Tuhan menghimpun jemaatnya untuk bersatu di hadiratNya dalam kerja pembangunan
itu secara gotong royong. Dengan semangat bergelora, dari anak-anak sampai
kakek-kakek mereka pergi mencari batu dasar dan batu kerikil hingga ke kali
Buliling yang jaraknya beberapa kilometer. Anggota jemaat dari 9 kolom yang
terdiri dari kaum-kaum sederhana itu kemudian membentuk armada semut yang
terdiri dari perahu-perahu nelayan dan perahu tambangan untuk mengngkut batu
tersebut lewat jalur Kali Bailang lalu masuk ke perairan tuluk Manado hingga
tiba di Pantai Tumumpa. Hal ini harus dilakukan karena tidak tersedianya akses
jalan darat yang cukup dilalui kendaraan pengangkut. Mereka juga termasuk
ibu-ibu beramai-ramai mengangkut pasir dari kali Bailang dan pantai. Ramuan
kayu di tebang di hutan-hutan dan kebun milik anggota jemaat tetangga seperti
Bailang, Molas, Meras. Batu bata datang lewat berbagai sumbangan warga, serta
diupayakan pengadaan lewat pembuatan batu bata oleh anggota jemaat. Lalu
bagaimana mengadakan atap Zink? 9 kolom menyepakati pengadaan atap itu lewat
sumbangan dari Kolom. Jemaat-jemaat kolom menggelar berbagai kegiatan
pengumpulan dana hingga terhimpun 538 lembar Zink termasuk Zink Plat. Dari mana
semen dan biaya lainnya dalam pelaksanaan pembangunan? Aksi jual Taart, Nasi
Jaha dan RW dilakukan. Kegiatan lomba kesenian digelar untuk penggalangan dana.

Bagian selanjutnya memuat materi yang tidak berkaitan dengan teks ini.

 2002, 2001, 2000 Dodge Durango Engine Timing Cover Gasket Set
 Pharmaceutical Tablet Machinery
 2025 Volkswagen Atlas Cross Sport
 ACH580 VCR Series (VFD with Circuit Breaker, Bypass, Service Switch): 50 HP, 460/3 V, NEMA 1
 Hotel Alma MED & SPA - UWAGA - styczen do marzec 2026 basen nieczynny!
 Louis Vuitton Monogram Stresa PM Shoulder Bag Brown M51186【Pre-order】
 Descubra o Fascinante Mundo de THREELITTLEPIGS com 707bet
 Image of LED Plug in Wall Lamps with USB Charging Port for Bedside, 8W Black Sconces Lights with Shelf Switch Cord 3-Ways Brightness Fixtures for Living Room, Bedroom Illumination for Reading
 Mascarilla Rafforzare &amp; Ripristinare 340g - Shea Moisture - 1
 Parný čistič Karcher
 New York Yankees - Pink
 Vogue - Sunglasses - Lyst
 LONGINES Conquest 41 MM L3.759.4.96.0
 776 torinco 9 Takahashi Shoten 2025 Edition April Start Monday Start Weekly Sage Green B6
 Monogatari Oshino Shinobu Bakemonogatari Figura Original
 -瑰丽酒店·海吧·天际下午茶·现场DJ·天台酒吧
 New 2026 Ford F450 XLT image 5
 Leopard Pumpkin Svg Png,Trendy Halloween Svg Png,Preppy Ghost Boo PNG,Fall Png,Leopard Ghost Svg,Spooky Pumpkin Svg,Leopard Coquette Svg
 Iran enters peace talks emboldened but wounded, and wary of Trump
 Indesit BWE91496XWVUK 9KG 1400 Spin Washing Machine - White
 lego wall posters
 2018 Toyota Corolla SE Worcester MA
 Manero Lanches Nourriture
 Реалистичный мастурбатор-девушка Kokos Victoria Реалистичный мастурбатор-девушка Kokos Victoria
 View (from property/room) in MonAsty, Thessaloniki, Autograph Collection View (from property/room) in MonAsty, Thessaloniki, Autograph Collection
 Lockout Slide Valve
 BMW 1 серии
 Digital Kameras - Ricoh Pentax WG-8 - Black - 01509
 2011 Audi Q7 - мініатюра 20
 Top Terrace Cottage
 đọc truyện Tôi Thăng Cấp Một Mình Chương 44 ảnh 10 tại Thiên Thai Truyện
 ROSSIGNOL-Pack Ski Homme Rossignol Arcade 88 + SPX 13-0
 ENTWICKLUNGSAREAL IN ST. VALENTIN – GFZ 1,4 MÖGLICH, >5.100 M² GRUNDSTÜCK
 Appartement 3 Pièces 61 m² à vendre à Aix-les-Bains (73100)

Tenaga tukang bekerja secara sukarela tanpa upah. Sambil bekerja, bersaksi,
bernyanyi Tuhan dipermuliakan. Dalam kerja penuh kebersamaan bangunan gereja
akhirnya berhasil diwujudkan. Dan menara pelayanan itu tegak berdiri menjadi
saksi, dimana Tuhan senantiasa menyertai jemaatnya, sebagaimana disitir
perjajian baru: “Aku akan menyertai kamu hingga kesudahan alam”.
Sejak peletakan batu pertama
pada 12 Juni 1972 pada masa kepemimpinan Pendeta Sondakh, lalu terhenti sejenak
menjelang pergantian kepemimpinan jemaat ke Pendeta Sumolang Dapu, kemudian
dipacu lagi hingga masa peresmian pada 1977. Pembangunan itu berlangsung selama 4 tahun 9 bulan dengan
menghabiskan anggaran sebesar Rp 12.960.000.
Kemudian pada Januari 1978
terjadi pemekaran kolom hingga menjadi 11 kolom. Seiring pemekaran tersebut
terjadi pergantian struktur BPMJ yang
baru yaitu BPMJ periode kepemimpinan
Pendeta Sumolang Dapu tahun 1978-1982.
Kebijakan pemekaran kolom
tersebut ternyata lagi-lagi meletupkan konflik baru akibat persoalan pemetaan
kolom. Konflik tersebut berujung pada perpindahan sejumlah anggota jemaat Kolom
11 bersama pelsusnya ke Gesba. Perpindahan ke Gesba ini merupakan exodus ke III
dalam sejarah jemaat GMIM Torsina.
Di kurun kepemimpinan inilah
Pendeta Sumolang Dapu kemudian menerima tugas sebagai Ketua Wilayah Manado
Utara II sebagai hasil dari pemekaran Wilayah Manado Utara menjadi Wilayah
Manado Utara I dan Wilayah Manado Utara II.